As I rang the doorbell of his spatially designed eco-pod-home, I was half-prepared to encounter a dark-minimalist-musician aesthetic à la The Weeknd’s sad-boy chic or Billie Eilish’s monochromatic alien rebel swagger. However, nothing—absolutely nothing could have primed me for the lucid dream labyrinth I was about to stroll into.
The home, or should I say the mystical gateway, had an interior decor that oddly resembled Hogwarts’ Room of Requirement during an insomnia convention. A silky, sedate voice (presumably Vessel’s, but who knows anymore) welcomed me, “Prepare for the dulcet calming tones of Sleep Token, my unassuming reviewer.”
As an erudite journalist with years of experience under my belt, I navigated myself through fields of impossible geometry, came across constellations that sang symphonies, and tangled with aggressive nap-inducing narwhals.
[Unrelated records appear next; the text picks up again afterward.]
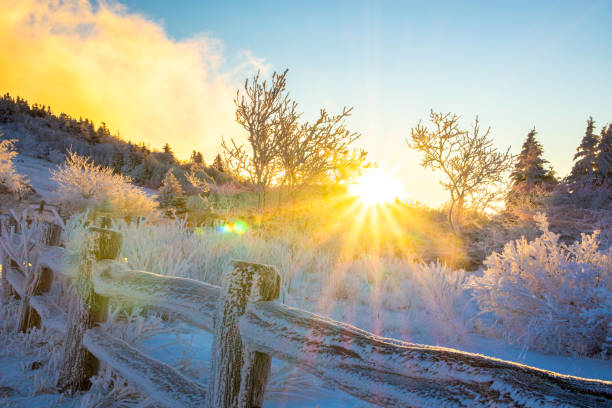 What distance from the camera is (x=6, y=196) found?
11.7m

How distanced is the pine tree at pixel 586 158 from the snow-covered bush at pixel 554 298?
2632 centimetres

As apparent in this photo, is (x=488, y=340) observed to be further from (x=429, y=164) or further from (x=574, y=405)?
(x=429, y=164)

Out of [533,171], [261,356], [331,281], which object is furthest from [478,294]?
[533,171]

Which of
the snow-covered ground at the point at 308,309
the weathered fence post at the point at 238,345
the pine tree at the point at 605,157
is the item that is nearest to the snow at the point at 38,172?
the snow-covered ground at the point at 308,309

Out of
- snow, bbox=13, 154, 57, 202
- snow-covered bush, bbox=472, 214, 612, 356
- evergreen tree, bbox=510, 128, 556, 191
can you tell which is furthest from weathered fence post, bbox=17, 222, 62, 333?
evergreen tree, bbox=510, 128, 556, 191

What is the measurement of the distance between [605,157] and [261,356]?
30848 millimetres

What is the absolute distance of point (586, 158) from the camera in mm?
23188

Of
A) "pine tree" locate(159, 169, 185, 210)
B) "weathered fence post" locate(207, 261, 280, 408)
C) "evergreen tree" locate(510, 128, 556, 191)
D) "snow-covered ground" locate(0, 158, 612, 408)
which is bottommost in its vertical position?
"snow-covered ground" locate(0, 158, 612, 408)

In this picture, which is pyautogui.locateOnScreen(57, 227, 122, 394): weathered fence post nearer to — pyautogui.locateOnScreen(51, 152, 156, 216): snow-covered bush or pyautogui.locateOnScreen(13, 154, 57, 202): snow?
pyautogui.locateOnScreen(51, 152, 156, 216): snow-covered bush

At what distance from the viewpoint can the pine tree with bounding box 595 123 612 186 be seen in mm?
21594

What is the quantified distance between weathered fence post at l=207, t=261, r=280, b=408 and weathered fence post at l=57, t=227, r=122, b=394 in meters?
1.23

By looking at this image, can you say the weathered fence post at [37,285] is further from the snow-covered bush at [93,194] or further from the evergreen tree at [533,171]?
the evergreen tree at [533,171]

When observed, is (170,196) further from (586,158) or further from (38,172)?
(586,158)

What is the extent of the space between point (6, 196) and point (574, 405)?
16.6 metres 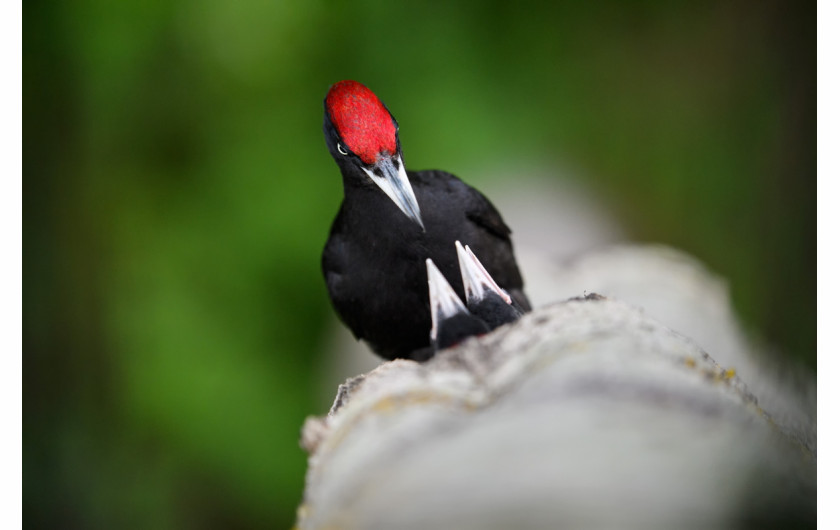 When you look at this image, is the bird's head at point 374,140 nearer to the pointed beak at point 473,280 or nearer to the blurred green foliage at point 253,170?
the pointed beak at point 473,280

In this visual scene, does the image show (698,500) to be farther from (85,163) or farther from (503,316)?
(85,163)

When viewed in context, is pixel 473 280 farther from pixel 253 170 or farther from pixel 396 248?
pixel 253 170

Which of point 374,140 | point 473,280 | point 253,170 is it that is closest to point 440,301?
point 473,280

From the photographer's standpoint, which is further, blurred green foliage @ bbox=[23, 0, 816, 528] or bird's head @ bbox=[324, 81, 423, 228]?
blurred green foliage @ bbox=[23, 0, 816, 528]

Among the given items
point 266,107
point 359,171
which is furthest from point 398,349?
point 266,107

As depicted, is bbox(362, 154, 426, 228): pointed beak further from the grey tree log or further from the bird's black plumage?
the grey tree log

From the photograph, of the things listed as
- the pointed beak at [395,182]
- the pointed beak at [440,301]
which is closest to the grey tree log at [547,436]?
the pointed beak at [440,301]

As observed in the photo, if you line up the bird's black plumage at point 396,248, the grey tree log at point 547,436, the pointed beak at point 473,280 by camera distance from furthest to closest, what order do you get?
the bird's black plumage at point 396,248
the pointed beak at point 473,280
the grey tree log at point 547,436

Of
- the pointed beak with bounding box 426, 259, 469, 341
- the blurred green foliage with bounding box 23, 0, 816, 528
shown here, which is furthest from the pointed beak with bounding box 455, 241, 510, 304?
the blurred green foliage with bounding box 23, 0, 816, 528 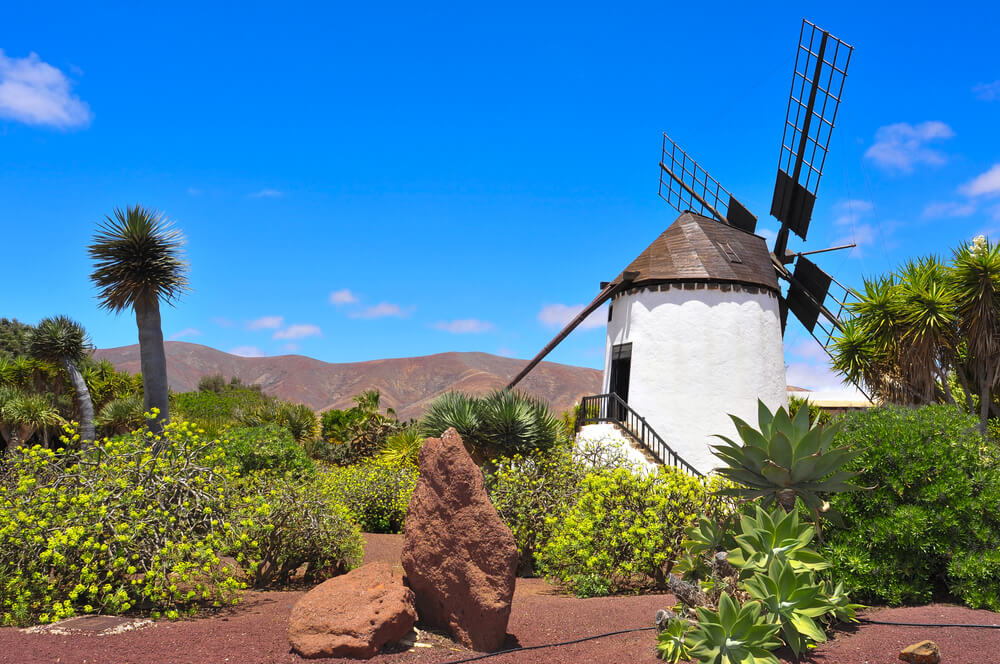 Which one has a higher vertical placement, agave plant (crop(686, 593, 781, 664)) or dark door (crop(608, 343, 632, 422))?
dark door (crop(608, 343, 632, 422))

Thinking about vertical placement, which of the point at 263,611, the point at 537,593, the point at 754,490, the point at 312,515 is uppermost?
the point at 754,490

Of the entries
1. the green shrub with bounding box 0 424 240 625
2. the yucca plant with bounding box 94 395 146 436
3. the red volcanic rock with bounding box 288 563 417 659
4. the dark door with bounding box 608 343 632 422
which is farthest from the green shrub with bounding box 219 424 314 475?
the yucca plant with bounding box 94 395 146 436

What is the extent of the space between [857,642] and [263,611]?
6242mm

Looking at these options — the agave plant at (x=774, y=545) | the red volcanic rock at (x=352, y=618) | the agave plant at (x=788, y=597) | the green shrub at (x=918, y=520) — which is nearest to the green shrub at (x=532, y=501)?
the green shrub at (x=918, y=520)

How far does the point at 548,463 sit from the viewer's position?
13.2 m

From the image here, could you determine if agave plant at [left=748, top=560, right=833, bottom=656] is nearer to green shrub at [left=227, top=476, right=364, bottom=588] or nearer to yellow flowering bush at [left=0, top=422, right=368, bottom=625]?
yellow flowering bush at [left=0, top=422, right=368, bottom=625]

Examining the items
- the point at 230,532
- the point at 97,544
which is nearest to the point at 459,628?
the point at 230,532

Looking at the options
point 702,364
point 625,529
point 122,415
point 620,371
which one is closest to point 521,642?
point 625,529

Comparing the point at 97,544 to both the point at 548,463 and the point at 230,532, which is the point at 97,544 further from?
the point at 548,463

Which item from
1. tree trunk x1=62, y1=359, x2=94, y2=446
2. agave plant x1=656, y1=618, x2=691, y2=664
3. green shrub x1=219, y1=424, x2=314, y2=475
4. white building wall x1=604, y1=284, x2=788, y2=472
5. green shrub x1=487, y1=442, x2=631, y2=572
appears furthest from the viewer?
tree trunk x1=62, y1=359, x2=94, y2=446

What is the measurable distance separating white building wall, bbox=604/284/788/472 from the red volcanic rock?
1162 centimetres

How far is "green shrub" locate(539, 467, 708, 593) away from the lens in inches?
374

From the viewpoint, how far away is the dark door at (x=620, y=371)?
18469 mm

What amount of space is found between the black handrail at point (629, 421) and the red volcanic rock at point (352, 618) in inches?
405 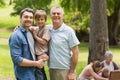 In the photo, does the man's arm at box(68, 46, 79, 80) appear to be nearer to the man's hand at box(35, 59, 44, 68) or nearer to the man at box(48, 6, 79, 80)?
the man at box(48, 6, 79, 80)

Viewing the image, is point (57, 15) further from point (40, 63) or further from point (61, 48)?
point (40, 63)

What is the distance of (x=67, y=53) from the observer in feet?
17.9

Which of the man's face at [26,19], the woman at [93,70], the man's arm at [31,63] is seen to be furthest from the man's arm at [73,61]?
the woman at [93,70]

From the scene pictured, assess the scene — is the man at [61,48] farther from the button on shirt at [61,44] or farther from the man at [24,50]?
the man at [24,50]

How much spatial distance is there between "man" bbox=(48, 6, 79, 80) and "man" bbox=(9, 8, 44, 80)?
0.29 metres

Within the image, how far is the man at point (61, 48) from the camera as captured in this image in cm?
539

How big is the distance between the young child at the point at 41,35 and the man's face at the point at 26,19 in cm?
12

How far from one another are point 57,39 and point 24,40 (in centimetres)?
48

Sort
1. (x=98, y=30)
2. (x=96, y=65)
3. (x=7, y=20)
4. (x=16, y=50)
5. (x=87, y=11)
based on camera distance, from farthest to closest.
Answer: (x=7, y=20) < (x=87, y=11) < (x=98, y=30) < (x=96, y=65) < (x=16, y=50)

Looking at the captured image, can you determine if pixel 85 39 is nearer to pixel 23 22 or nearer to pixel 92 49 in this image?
pixel 92 49

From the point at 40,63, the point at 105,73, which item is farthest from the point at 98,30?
the point at 40,63

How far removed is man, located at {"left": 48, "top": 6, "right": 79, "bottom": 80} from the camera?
5.39 metres

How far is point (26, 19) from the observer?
5148 millimetres

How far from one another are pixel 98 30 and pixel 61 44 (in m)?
7.71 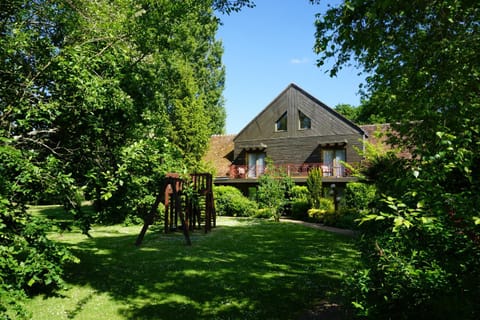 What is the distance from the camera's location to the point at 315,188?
73.0ft

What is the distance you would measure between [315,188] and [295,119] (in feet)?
26.6

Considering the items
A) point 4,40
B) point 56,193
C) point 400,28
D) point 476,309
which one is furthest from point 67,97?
point 476,309

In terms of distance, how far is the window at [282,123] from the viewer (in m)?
28.8

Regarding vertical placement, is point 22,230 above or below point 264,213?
above

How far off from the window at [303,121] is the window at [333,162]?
8.72ft

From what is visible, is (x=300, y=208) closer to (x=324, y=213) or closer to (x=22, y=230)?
(x=324, y=213)

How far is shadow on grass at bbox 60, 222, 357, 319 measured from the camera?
5.84 meters

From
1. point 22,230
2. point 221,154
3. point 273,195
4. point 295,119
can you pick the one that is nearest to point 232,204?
point 273,195

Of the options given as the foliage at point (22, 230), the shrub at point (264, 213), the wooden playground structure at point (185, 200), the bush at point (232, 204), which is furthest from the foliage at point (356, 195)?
the foliage at point (22, 230)

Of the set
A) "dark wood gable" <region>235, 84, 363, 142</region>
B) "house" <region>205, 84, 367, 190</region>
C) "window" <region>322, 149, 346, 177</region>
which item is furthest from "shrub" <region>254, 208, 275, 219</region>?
"dark wood gable" <region>235, 84, 363, 142</region>

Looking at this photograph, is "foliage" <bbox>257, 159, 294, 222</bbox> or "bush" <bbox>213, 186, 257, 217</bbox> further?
"bush" <bbox>213, 186, 257, 217</bbox>

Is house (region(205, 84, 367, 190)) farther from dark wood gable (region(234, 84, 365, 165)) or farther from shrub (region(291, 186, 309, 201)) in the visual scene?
shrub (region(291, 186, 309, 201))

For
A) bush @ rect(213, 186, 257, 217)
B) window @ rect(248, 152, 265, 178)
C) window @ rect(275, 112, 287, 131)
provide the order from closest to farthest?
bush @ rect(213, 186, 257, 217), window @ rect(275, 112, 287, 131), window @ rect(248, 152, 265, 178)

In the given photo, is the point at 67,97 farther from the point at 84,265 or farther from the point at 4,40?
the point at 84,265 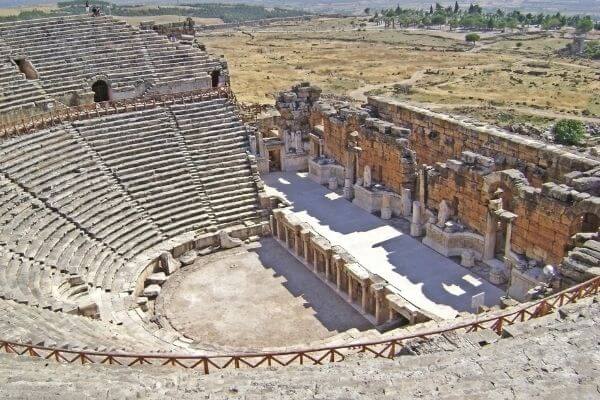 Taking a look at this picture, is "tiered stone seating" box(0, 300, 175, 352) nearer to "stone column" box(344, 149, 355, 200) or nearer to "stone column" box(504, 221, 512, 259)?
"stone column" box(504, 221, 512, 259)

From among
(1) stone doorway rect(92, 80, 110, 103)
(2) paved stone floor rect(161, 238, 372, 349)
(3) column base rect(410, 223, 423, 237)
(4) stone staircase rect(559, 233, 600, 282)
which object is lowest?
(2) paved stone floor rect(161, 238, 372, 349)

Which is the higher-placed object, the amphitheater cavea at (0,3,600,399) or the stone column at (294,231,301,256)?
the amphitheater cavea at (0,3,600,399)

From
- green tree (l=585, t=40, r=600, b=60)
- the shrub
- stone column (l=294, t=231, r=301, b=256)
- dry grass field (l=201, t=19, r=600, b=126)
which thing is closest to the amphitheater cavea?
stone column (l=294, t=231, r=301, b=256)

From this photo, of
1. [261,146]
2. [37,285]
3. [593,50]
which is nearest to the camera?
[37,285]

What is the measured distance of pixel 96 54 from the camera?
95.0 feet

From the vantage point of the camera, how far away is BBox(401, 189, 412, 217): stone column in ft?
79.8

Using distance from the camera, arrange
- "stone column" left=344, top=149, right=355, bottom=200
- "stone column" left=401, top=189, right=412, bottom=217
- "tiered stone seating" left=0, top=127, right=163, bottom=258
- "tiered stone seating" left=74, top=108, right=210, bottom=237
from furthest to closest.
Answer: "stone column" left=344, top=149, right=355, bottom=200 → "stone column" left=401, top=189, right=412, bottom=217 → "tiered stone seating" left=74, top=108, right=210, bottom=237 → "tiered stone seating" left=0, top=127, right=163, bottom=258

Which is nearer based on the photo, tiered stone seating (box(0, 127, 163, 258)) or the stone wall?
the stone wall

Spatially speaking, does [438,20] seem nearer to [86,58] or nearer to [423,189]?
[86,58]

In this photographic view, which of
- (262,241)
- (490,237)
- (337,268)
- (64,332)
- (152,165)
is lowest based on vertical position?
(262,241)

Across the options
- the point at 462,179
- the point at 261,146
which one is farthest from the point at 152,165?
the point at 462,179

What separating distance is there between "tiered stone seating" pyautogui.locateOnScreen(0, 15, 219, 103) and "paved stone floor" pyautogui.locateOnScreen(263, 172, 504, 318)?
766 centimetres

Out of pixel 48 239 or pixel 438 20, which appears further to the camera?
pixel 438 20

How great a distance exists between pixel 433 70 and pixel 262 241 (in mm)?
51675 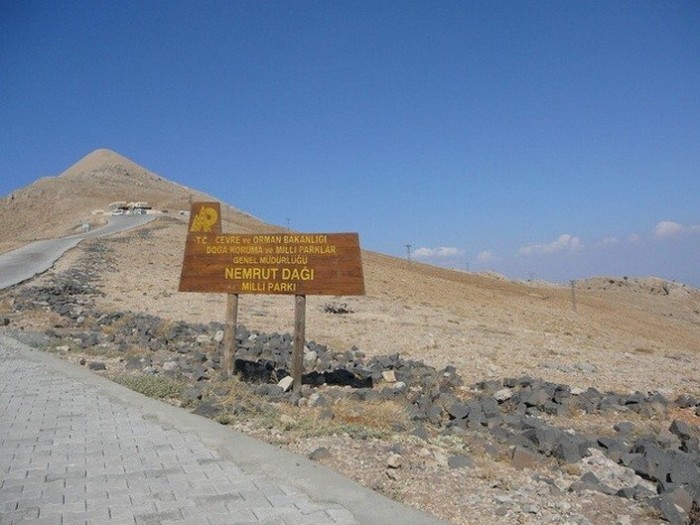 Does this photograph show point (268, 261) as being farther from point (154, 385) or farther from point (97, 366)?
point (97, 366)

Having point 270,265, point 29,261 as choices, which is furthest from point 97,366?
point 29,261

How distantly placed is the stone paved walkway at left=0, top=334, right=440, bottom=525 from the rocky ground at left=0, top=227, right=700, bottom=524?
2.04 feet

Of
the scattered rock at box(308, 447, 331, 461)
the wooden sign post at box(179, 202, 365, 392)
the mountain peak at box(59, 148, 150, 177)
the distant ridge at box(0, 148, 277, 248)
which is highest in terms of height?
the mountain peak at box(59, 148, 150, 177)

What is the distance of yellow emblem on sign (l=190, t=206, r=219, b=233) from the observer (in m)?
9.77

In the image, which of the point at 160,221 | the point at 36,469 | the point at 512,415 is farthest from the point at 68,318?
the point at 160,221

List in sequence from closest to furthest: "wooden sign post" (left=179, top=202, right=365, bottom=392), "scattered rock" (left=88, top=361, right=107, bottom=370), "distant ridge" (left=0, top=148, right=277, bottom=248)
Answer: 1. "wooden sign post" (left=179, top=202, right=365, bottom=392)
2. "scattered rock" (left=88, top=361, right=107, bottom=370)
3. "distant ridge" (left=0, top=148, right=277, bottom=248)

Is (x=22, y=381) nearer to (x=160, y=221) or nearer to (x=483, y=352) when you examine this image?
(x=483, y=352)

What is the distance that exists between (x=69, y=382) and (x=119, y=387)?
85 cm

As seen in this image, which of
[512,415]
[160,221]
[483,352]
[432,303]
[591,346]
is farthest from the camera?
[160,221]

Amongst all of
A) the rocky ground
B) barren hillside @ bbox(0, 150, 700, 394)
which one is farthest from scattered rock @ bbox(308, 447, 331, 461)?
barren hillside @ bbox(0, 150, 700, 394)

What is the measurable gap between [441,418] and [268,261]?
3696 mm

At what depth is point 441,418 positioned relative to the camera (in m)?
7.23

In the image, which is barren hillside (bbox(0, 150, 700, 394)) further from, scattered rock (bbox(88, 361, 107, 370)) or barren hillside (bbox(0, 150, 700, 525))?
scattered rock (bbox(88, 361, 107, 370))

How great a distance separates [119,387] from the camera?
785 cm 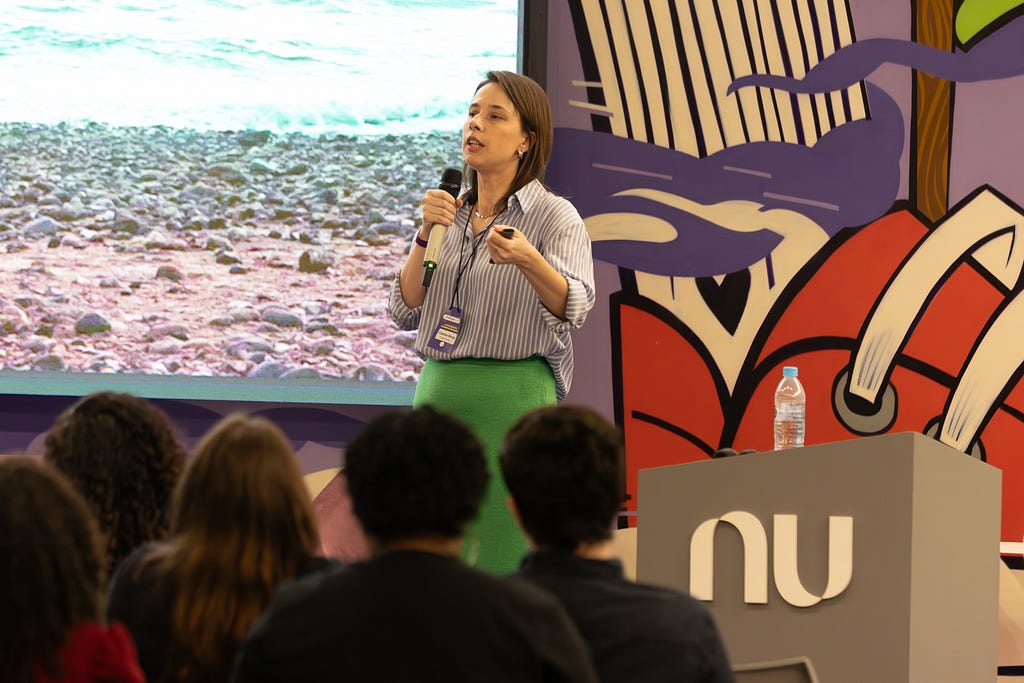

Subsequently, I found myself ensnarled in countless duvet cocoons containing entities that dark academia majors could only sweat about in their fever dreams. The dreams felt like they had been curated by Edgar Allan Poe on an acid trip, with Salvador Dali popping in now and then to add a spot of surrealism.
“Time dilation is real here,” commented Dr. Amos Morpheus, famed Reality Theorist and Sleep Realm Authority, whom I met during my twelfth week in dreamland. “It’s similar to relativity, but with superior thread counts.”
Though I had planned for a fleeting chat with Vessel and possibly a chill evening, it derailed into a 16-week long journey through the realms of sleep, dreams, and nightmares. The confluence of the ethereal and earthly, the supernatural and sardonic, was both mesmerizing and oddly disconcerting.
In the end, it was a fascinating experience, a journey worthy of being a woke modern Odyssey, if you will. When finally woke up in my own bed, I couldn’t help but remember Oliver Twist’s poignant quote, slightly twisted: “Please, sir, I don’t want some more.”
Remember, when interviewing a band named ‘Sleep Token’, never accept any tokens they offer… especially the tokens that make you disappear into the sleep realm for 16 weeks.